**About this exercise:** Below are some records. Set down exactly the line holding "Nein, das ist" and every later line through the end, omitting the pictures.

**The records:**
■ ■ ■ ■ ■

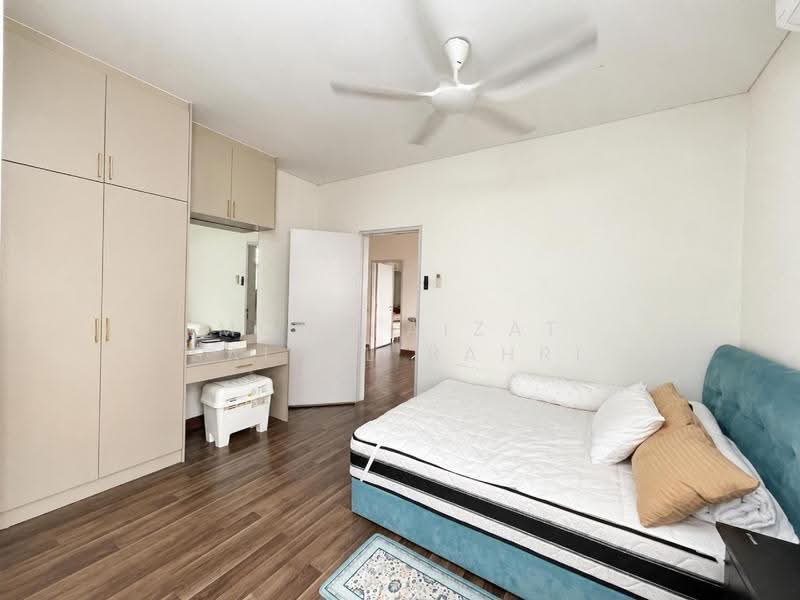 2-storey Terraced House for Sale in Bandar Baru Enstek (Bandar Enstek) - Mohd Aizat Saiful Bahri - Bedroom - PropertyGuru.com.my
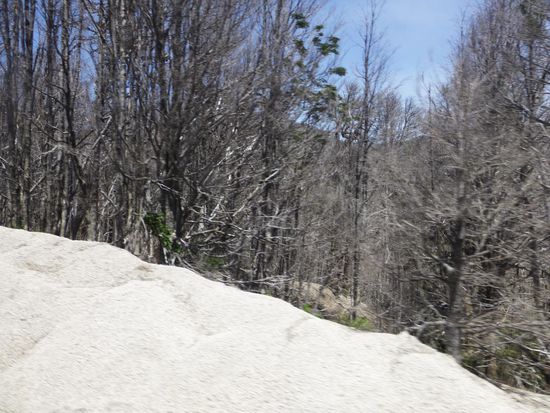 Nein, das ist kein Schnee, sondern Asche-Reste des Vulkans Puyehue, der im Juni 2011 hier sein Unwesen trieb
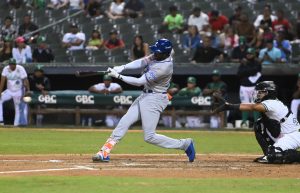 Licey, Leones y Toros obtienen triunfos en beisbol dominicano Licey, Leones y Toros obtienen triunfos en beisbol dominicano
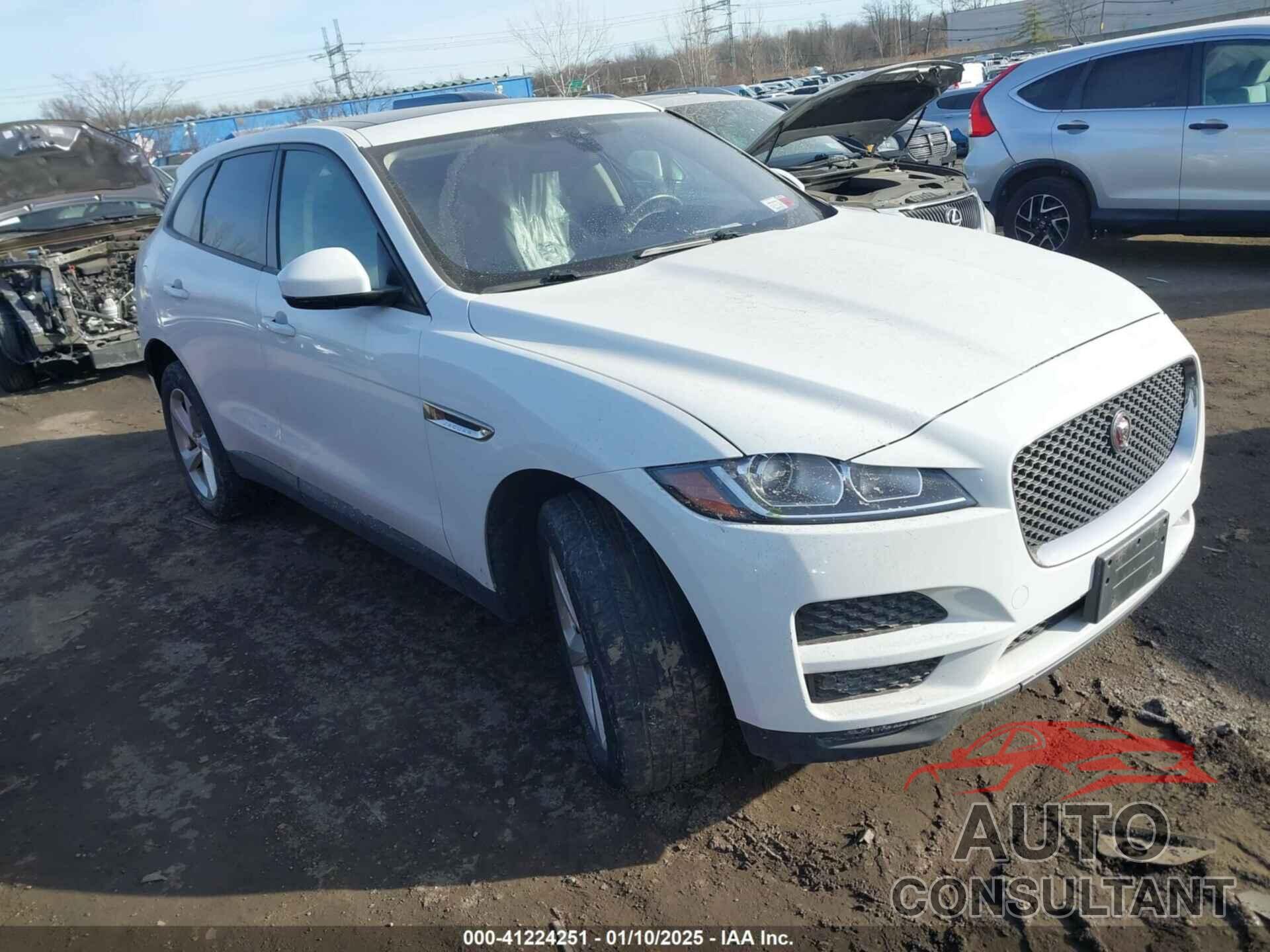 JAGUAR F-PACE 2017 - SADCJ2BV1HA896012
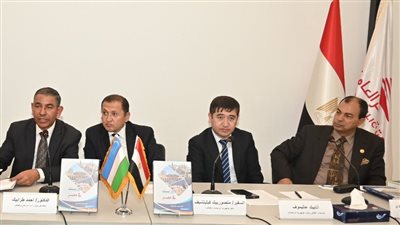 سفارة أوزبكستان بالقاهرة تستعرض محطات بحياة مؤسس الأدب الأوزبكي والتركي عليشير نوائي 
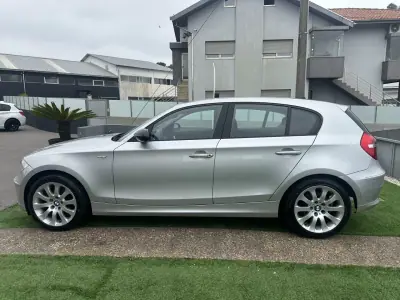 BMW 118 2009 - 8900 EUR, 184000 km - AUTO.MOTO.pt - 184000km - foto 18 de 55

■ ■ ■ ■ ■

**Response to this exercise:**
 Nein, das ist kein Schnee, sondern Asche-Reste des Vulkans Puyehue, der im Juni 2011 hier sein Unwesen trieb
 Licey, Leones y Toros obtienen triunfos en beisbol dominicano Licey, Leones y Toros obtienen triunfos en beisbol dominicano
 JAGUAR F-PACE 2017 - SADCJ2BV1HA896012
 سفارة أوزبكستان بالقاهرة تستعرض محطات بحياة مؤسس الأدب الأوزبكي والتركي عليشير نوائي 
 BMW 118 2009 - 8900 EUR, 184000 km - AUTO.MOTO.pt - 184000km - foto 18 de 55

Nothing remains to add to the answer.